The Principle of Legitimacy in Leadership
At the 1814 Congress of Vienna, an idea was proposed to help restore to power the lawful monarchs from royal families who ruled before Napoleon. Titled the Principle of Legitimacy, it was a governance guideline to ensure peace and order. It included five common sense concepts that most of us would agree should be the basis for sound leadership:
- Rules don’t change: people like to know what they can count on. No one likes to be evaluated against a moving target. Some say a sense of certainty is one of the greatest human needs.
- Authority is fair: remember when you were a kid and you got punished for something your sibling did? We didn’t like it then and now that we’re grown up, fairness is even more important. However, fair doesn’t always have to mean equal. People need different things and deserve to have their circumstances take into consideration.

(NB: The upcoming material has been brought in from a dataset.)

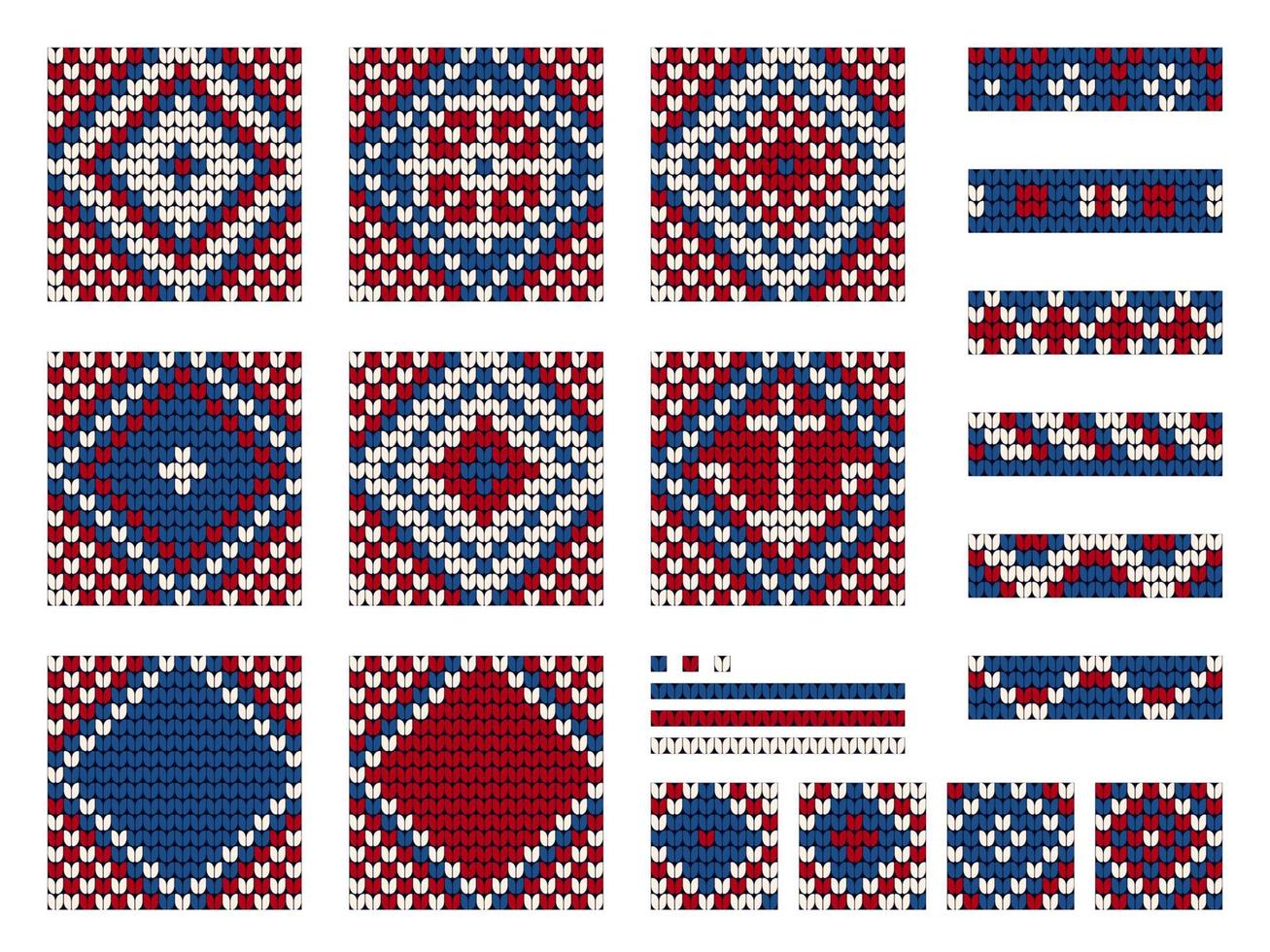 Set of Grandma marine knitting patterns vector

- Things make sense: the reasonable person wants to see a pattern, cause of action, greater purpose and ends that justify the means. Nobody likes to feel like they fell down the rabbit hole. Too often policies are established that work for one team but are totally nonsensical for another.
- People have a voice: they want the opportunity to raise issues, express concerns, identify gaps. Freedom of speech is a bedrock right of the people of our nation. Many organizations do themselves in when people don’t feel free to speak up. Too many problems go unsolved because people don’t want to be labeled, “not a team player.”
- People need to be heard: some say we humans are one big walking ear. In over 35 studies, listening was identified as a top skill needed in business today. Yet, fewer than 2% of us receive training in listening skills. Read this Harvard Business review article on listening.
Ensure the above listed needs are addressed in every major workplace training such as internal and external customer service, sales initiatives, employee engagement, job satisfaction, harassment prevention, teamwork, communication skills and leadership. Most definitely leadership. Then embed then in performance reviews for frontline supervisors, team leads or anyone managing a group of people for whatever purpose, even if it’s the neighborhood bake sale.
Another Approach and Ways Leaders Can Shine
Sometimes it’s easier to say what we won’t do versus what we shall do. Otherwise you have an increasingly long and complicated set of rules that try to capture every possible way people can mess up. (If you’ve been a supervisor, project lead, parent or teacher you know how creative people can be!)
You could define your mission by simply stating, “We agree to do nothing to embarrass our constituents, compromise our values or (the best one yet) require a lawyer.”
Or, “We agree to do nothing that is disrespectful to one another and requires an intervention from the boss or the Human Resources Department.”
Can you see how those simple statements could benefit a team when trying to establish norms of behavior? They define what people will NOT do versus what they SHOULD do. This limits the parameters greatly. You can start broad and then, if necessary, narrow the scope.
What was true in 1787 and 1814 is still true today. Let’s keep things simple, easy to communicate, able to withstand the test of time and establish guidelines the average person can understand. That would make life a whole heckuva lot easier for people we interact with and ensure you get better engagement no matter what the project, policy or plan.